■ **BRIEF**
Return all of the data verbatim, dropping any picture.
Content starts
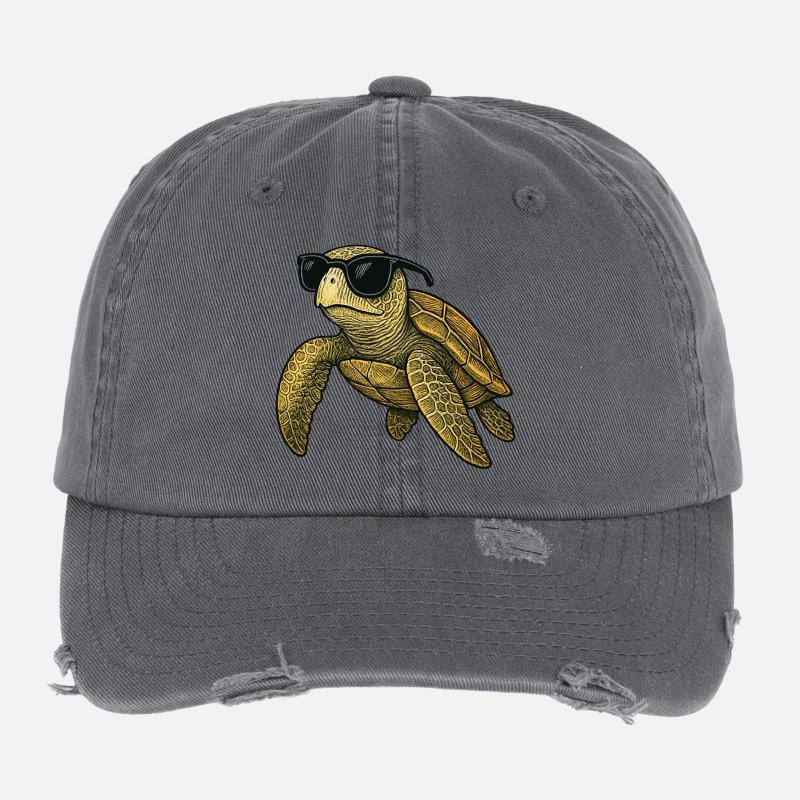 Cool turtle with sunglasses Flexfit Vintage Destroyed Cap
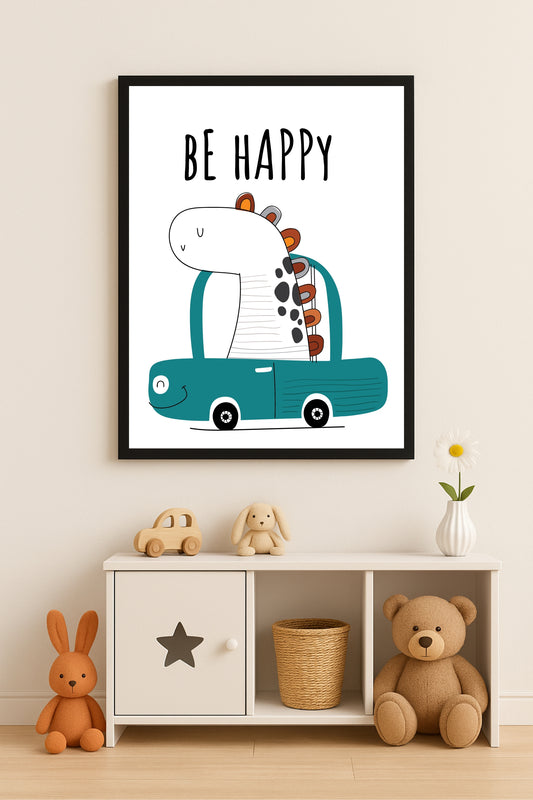 Be Happy Wall Frame – Cheerful Dinosaur Art for Kids’ Room Décor 🦖💙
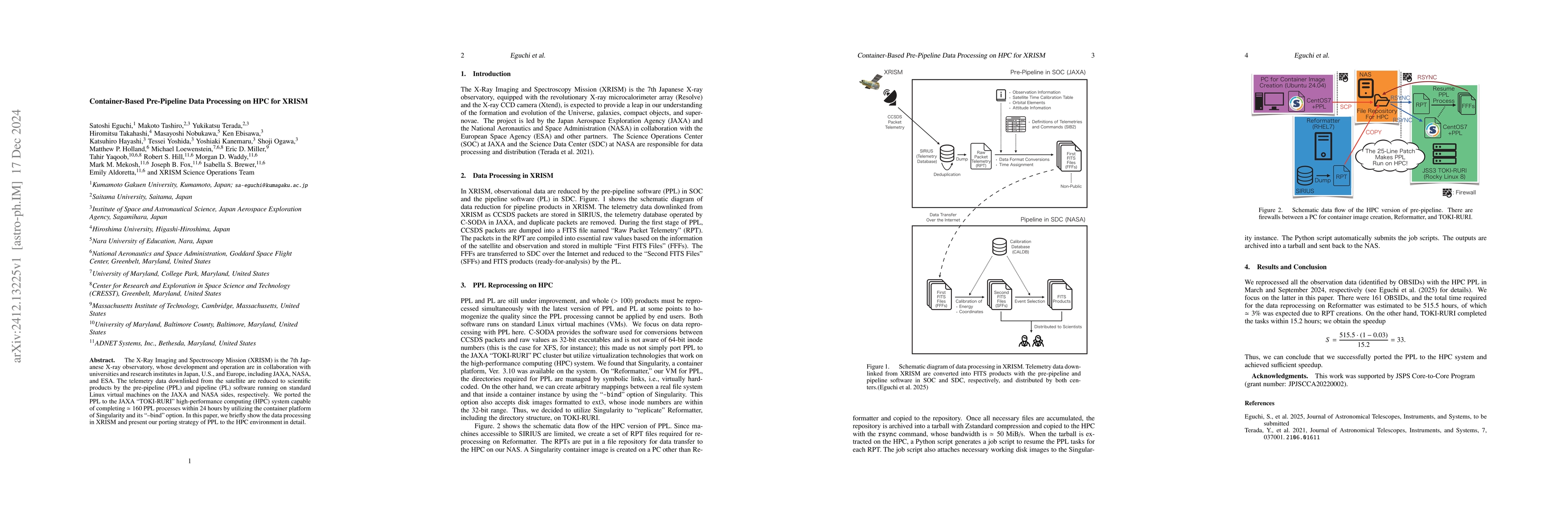 Thumbnail for Container-Based Pre-Pipeline Data Processing on HPC for XRISM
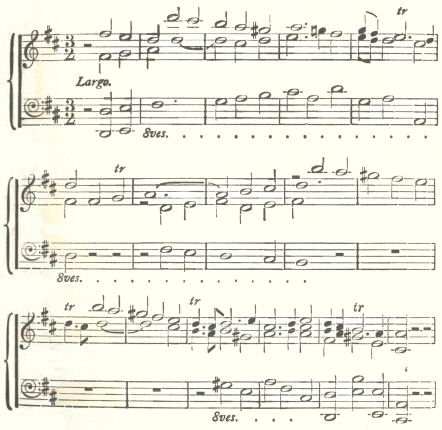 Score form Handel; slow movement in the fifth grand concerto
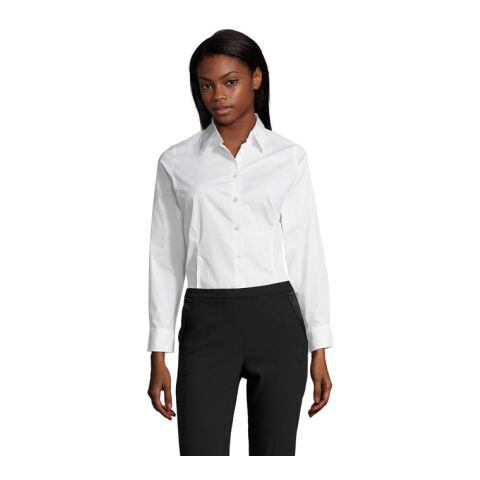 Werbeartikel EDEN STRETCH Damen SHIRT – weiß – M – mit Logo bedruckt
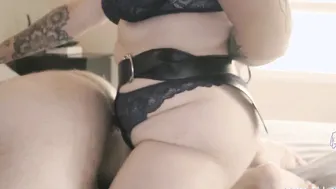Cutie Fiance with Tattoo Pegging is Hubby and you is Curvy Bi Butt with Jizzed - Doubly Dirty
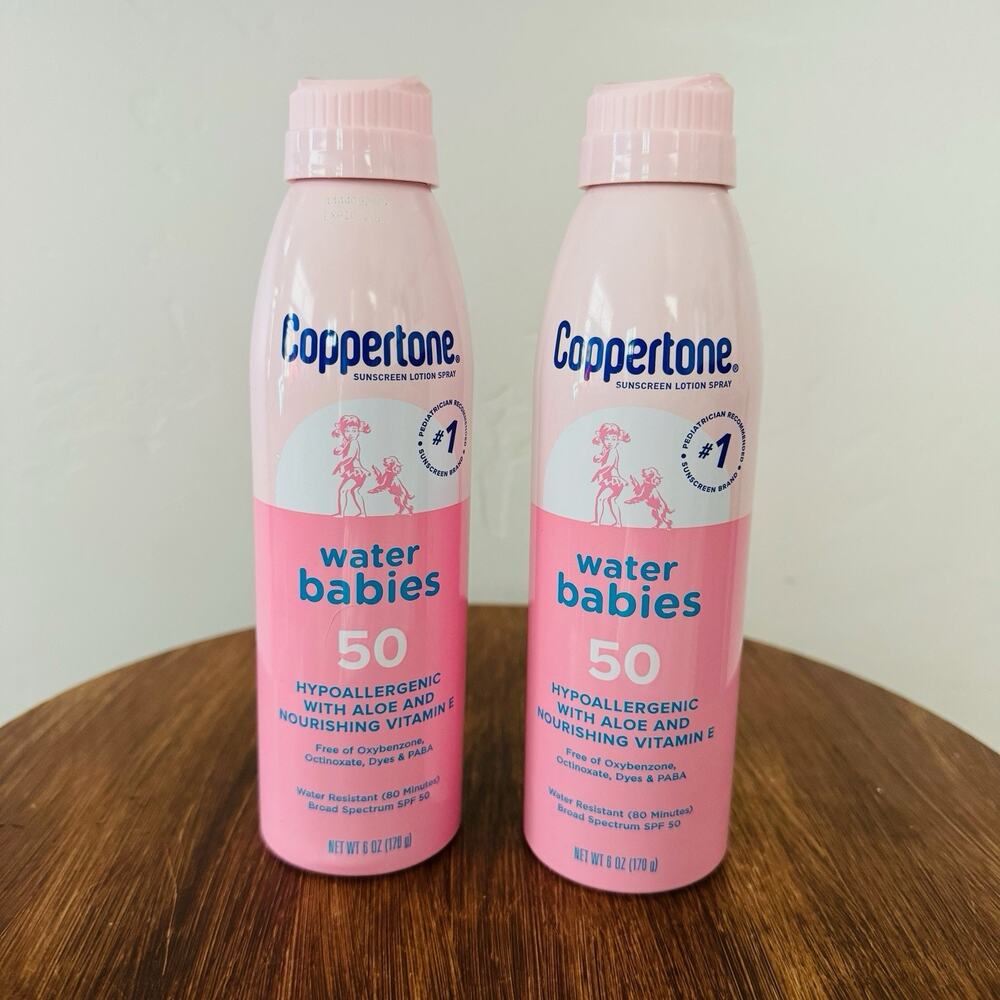 Coppertone Water Babies Spray Sunscreen SPF 50, 6 Oz, Lot Of 2 Sealed Exp 10/27
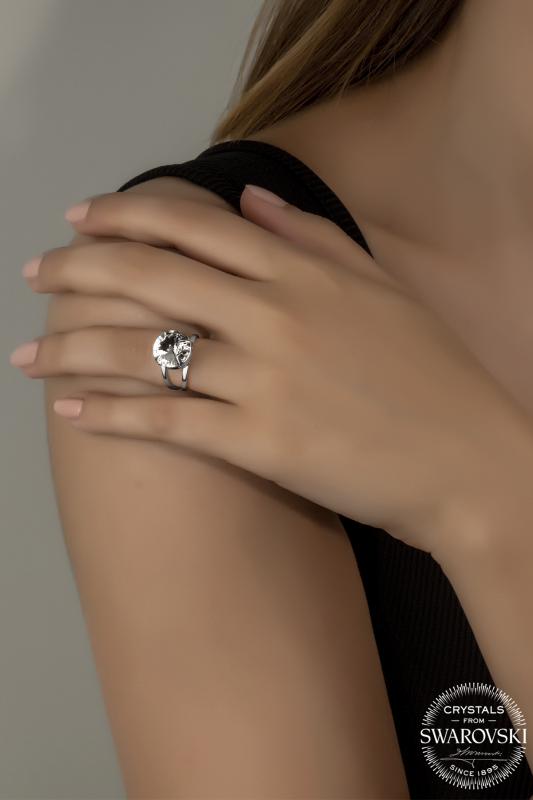 Union Crystal Kadın Beyaz Yuvarlak Gümüş Yüzük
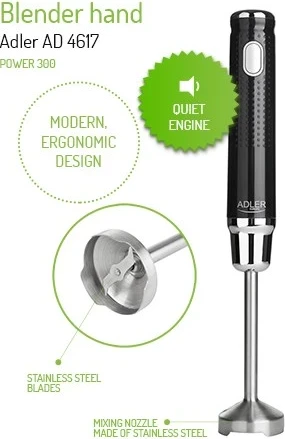 Blenderi zhytës Adler AD 4617, Zi dhe Argjendtë, 350 W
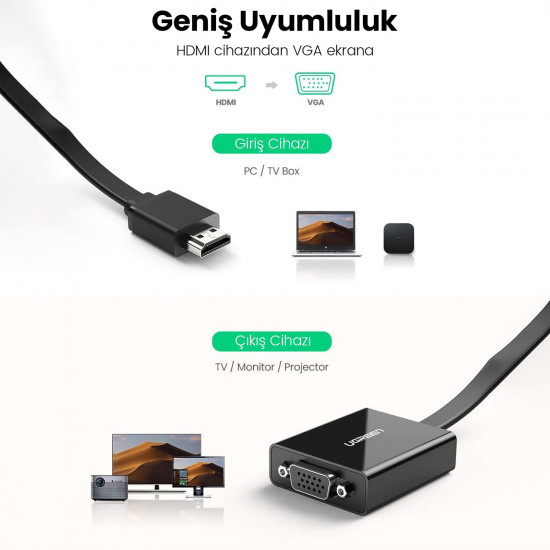 Ugreen Flat Kablolu HDMI to VGA AUX Dönüştürücü Siyah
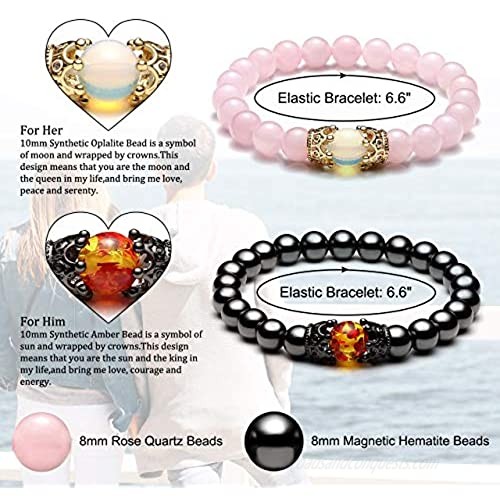 Jovivi King&Queen Crown Distance Couple Bracelets for Men Women 8mm Natural Stone Healing Energy Beads Stretch Bracelet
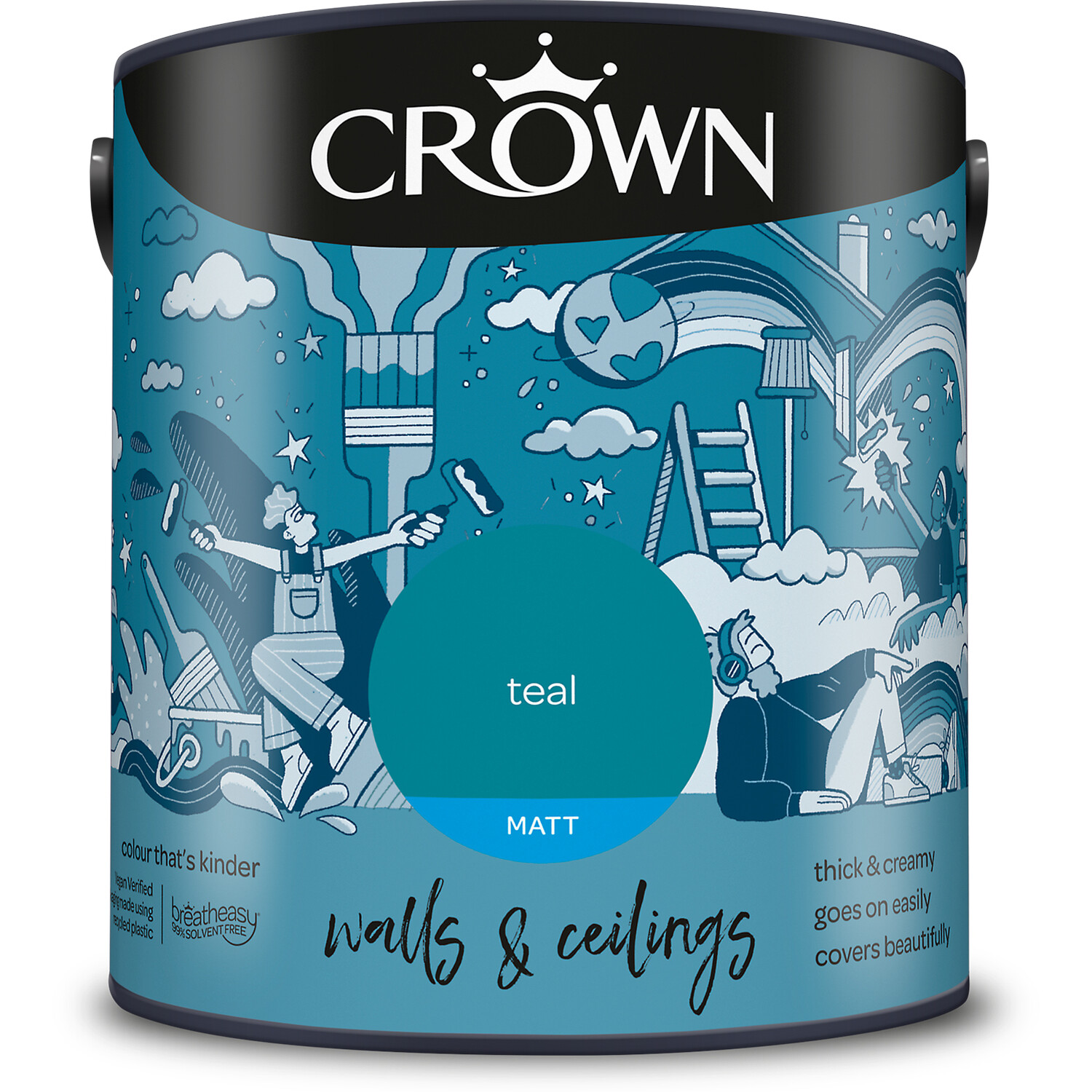 Crown Wall and Ceilings Teal Matt Emulsion 2.5L Image 2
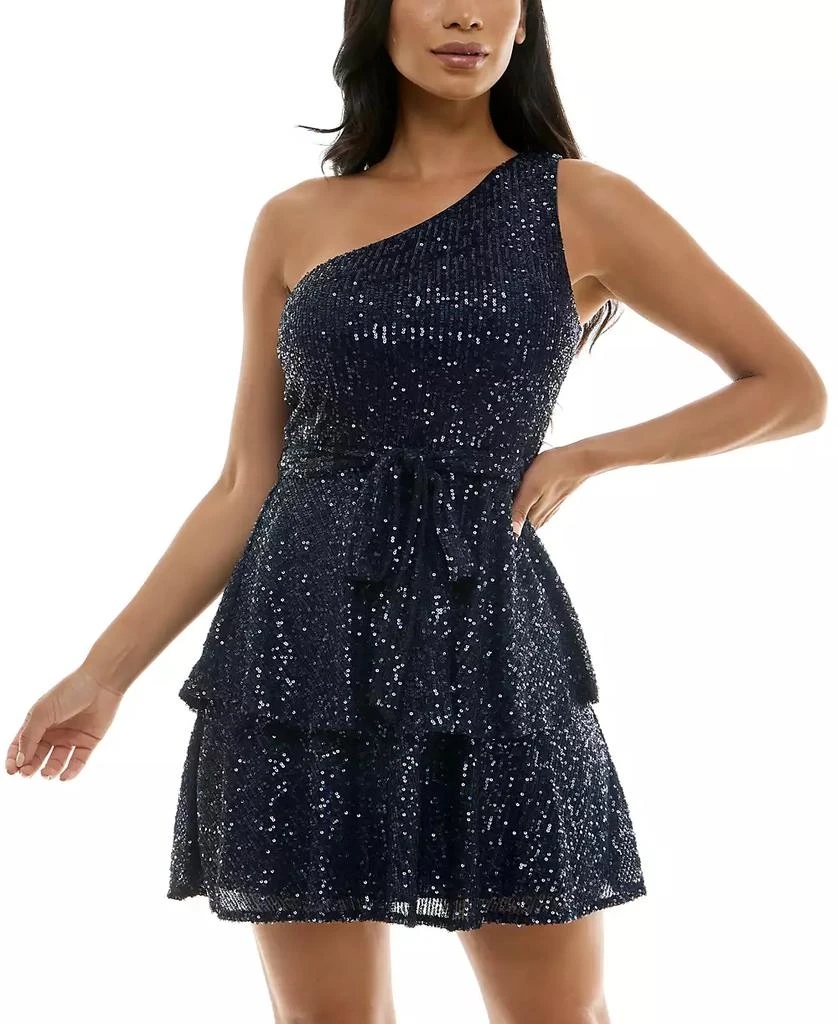 Trixxi Juniors' Sequin One-Shoulder Tiered Mini Dress 3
Content ends
■ **ANSWER BOX**
 Cool turtle with sunglasses Flexfit Vintage Destroyed Cap
 Be Happy Wall Frame – Cheerful Dinosaur Art for Kids’ Room Décor 🦖💙
 Thumbnail for Container-Based Pre-Pipeline Data Processing on HPC for XRISM
 Score form Handel; slow movement in the fifth grand concerto
 Werbeartikel EDEN STRETCH Damen SHIRT – weiß – M – mit Logo bedruckt
Cutie Fiance with Tattoo Pegging is Hubby and you is Curvy Bi Butt with Jizzed - Doubly Dirty
 Coppertone Water Babies Spray Sunscreen SPF 50, 6 Oz, Lot Of 2 Sealed Exp 10/27
 Union Crystal Kadın Beyaz Yuvarlak Gümüş Yüzük
 Blenderi zhytës Adler AD 4617, Zi dhe Argjendtë, 350 W
 Ugreen Flat Kablolu HDMI to VGA AUX Dönüştürücü Siyah
 Jovivi King&Queen Crown Distance Couple Bracelets for Men Women 8mm Natural Stone Healing Energy Beads Stretch Bracelet
 Crown Wall and Ceilings Teal Matt Emulsion 2.5L Image 2
 Trixxi Juniors' Sequin One-Shoulder Tiered Mini Dress 3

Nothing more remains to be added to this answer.